Rethinking Literacy (and All) Assessment
To whatever degree I have been an effective teacher over a 33-year (and counting) career directly and indirectly connected to teaching literacy has been grounded in my inclination to assess constantly my practices against my instructional goals.
Teaching is some combination of curriculum (content, the what of teaching), instruction (pedagogy, the how of teaching), and assessment (testing, the monitoring of learning). When I was in teacher education as a candidate, the world of teaching was laser-focused on instruction — our learning objectives scrutinized and driving everything.
Over the three decades of accountability grounded in standards and high-stakes testing, however, and the rise of backward design, both how students are tested (test formats) and what tests address have become the primary focus of K-12 teaching.
Accountability’s state and national impact has increased the importance of standardized testing — the amount of tests students are required to take but also the format of in-class assessments teachers use to prepare students for those tests.

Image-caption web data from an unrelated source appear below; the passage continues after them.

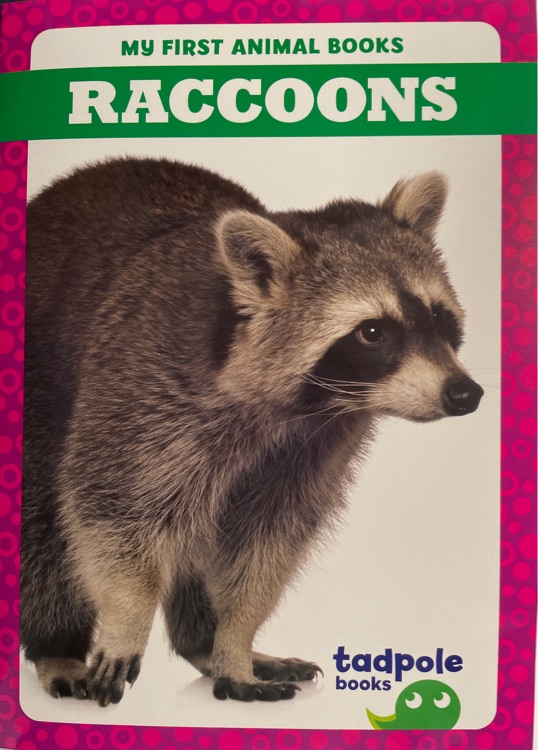 Raccoons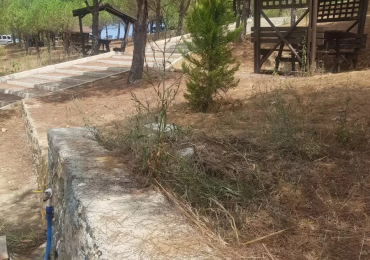 Riva Koru Park Piknik Kamp Alanı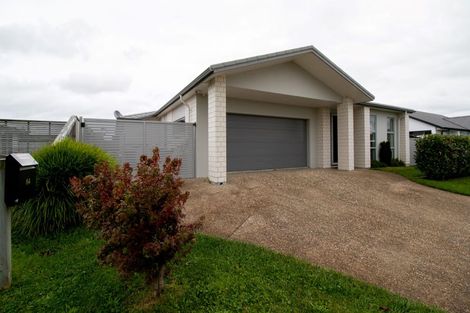 Photo of property in 64 Penetaka Heights, Pyes Pa, Tauranga, 3112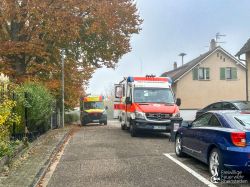 251109 Wochenbericht 01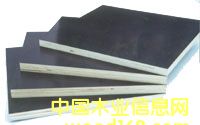 ����鿴������Ĥ����ϸ����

High-stakes and large-scale testing is governed in many ways by efficiency — formats such as multiple choice that can be marked by computer; and therefore, many K-12 teachers model their assessment content and formats on what students will face in these high-stakes environments.

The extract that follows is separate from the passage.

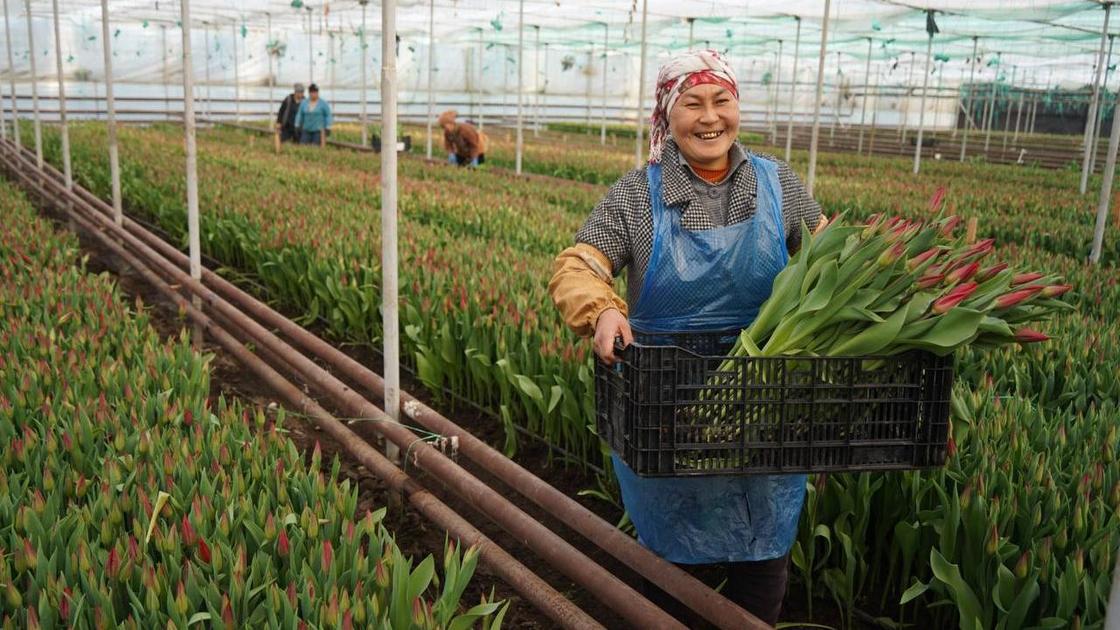 Теплица с тюльпанами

Over my career, then, I have watched teaching to the test move from a practice shunned by best practice to the default norm of K-12 education.
As a committed practitioner of de-grading and de-testing the classroom, I offer below some big picture concepts that I believe every teacher should consider in order to improve the quality of grading and testing practices, in terms of if and how our assessments match our instructional goals instead of how efficient our tests are or how well our classroom assessments prepare students for (really awful) large-scale high-stakes tests.
The principles and practices below are imperative for literacy instruction and learning, but apply equally well to all learning goals and content.
Holistic v. skills (standardized tests). Let’s imagine for a moment that you wish to learn to play the piano, and you are given lessons on scales, proper fingering, etc., using worksheets. After a unit on playing the piano, you are given a multiple-choice test on that material, scoring an A.
Having never played the piano or practiced at the piano, what do you think of that A?
To be proficient in the context of efficient skills-based tests is not the same as being proficient in holistic behaviors. While the testing industry has sold us on the idea that efficient skills-based tests (usually multiple choice) correlate strongly with the authentic goals for learning we seek, we should be far more skeptical of that claim.
Along with the problem of efficiency in standardized tests and selected-response tests in class-based assessment is the historical and current purposes of large-scale testing — for example, IQ and college entrance exams such as the SAT and ACT.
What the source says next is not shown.